Assigned task —
Take the data below and copy exactly the lines starting at the one with "JEEP COMPASS 2019 - 3C4NJDDB7KT618248" and finishing at the one with "Ligne Maginot - ROUSSY", both included.

----- Records

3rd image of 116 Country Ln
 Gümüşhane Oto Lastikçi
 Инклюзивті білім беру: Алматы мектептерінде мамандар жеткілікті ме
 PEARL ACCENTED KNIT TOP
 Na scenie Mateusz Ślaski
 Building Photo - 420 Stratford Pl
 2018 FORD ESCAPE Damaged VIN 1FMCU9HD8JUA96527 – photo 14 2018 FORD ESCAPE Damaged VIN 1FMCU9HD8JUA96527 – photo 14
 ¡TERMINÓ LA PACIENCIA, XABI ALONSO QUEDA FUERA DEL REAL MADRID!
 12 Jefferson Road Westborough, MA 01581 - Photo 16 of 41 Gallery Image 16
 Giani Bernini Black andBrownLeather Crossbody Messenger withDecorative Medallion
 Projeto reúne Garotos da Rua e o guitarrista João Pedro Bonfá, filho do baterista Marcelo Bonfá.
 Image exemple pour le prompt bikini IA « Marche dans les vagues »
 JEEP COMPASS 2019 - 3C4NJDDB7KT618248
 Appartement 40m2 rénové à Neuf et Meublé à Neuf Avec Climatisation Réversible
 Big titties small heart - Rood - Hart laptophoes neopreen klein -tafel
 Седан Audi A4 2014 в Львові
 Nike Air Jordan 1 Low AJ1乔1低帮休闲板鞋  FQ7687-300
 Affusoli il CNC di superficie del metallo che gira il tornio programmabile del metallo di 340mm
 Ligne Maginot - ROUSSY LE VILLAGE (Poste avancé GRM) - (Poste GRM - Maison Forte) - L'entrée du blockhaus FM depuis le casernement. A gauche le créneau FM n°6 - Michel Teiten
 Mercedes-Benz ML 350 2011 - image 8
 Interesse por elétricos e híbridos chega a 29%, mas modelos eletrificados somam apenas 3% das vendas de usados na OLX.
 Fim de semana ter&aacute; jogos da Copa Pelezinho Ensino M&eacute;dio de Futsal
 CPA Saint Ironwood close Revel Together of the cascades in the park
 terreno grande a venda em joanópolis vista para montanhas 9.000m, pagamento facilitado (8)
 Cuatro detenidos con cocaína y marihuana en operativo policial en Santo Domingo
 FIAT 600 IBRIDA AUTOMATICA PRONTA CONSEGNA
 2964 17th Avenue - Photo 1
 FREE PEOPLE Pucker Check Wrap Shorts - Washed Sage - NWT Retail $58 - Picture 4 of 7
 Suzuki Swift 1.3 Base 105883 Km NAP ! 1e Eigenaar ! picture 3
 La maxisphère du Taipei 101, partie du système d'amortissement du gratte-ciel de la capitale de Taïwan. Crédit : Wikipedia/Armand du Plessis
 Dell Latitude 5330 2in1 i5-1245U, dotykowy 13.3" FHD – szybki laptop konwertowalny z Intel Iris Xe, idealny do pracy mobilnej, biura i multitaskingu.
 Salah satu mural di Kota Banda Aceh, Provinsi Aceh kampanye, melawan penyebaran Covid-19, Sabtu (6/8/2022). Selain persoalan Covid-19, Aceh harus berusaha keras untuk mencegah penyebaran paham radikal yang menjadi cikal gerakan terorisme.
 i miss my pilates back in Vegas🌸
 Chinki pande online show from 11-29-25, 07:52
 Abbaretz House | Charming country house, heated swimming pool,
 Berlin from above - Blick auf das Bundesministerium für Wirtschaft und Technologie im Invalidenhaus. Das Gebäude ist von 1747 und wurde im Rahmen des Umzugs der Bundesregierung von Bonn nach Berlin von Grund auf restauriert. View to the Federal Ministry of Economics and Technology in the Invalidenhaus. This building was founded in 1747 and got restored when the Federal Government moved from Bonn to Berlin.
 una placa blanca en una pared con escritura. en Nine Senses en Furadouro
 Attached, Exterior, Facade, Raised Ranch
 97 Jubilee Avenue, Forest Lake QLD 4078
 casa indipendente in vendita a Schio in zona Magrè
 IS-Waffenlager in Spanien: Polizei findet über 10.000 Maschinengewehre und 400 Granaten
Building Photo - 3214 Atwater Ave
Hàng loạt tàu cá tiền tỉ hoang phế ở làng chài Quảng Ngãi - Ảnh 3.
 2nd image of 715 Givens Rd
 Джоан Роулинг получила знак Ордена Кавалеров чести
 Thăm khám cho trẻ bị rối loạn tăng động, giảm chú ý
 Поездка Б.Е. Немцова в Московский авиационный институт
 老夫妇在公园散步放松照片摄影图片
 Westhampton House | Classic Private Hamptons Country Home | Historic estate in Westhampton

----------

Answer —
 JEEP COMPASS 2019 - 3C4NJDDB7KT618248
 Appartement 40m2 rénové à Neuf et Meublé à Neuf Avec Climatisation Réversible
 Big titties small heart - Rood - Hart laptophoes neopreen klein -tafel
 Седан Audi A4 2014 в Львові
 Nike Air Jordan 1 Low AJ1乔1低帮休闲板鞋  FQ7687-300
 Affusoli il CNC di superficie del metallo che gira il tornio programmabile del metallo di 340mm
 Ligne Maginot - ROUSSY LE VILLAGE (Poste avancé GRM) - (Poste GRM - Maison Forte) - L'entrée du blockhaus FM depuis le casernement. A gauche le créneau FM n°6 - Michel Teiten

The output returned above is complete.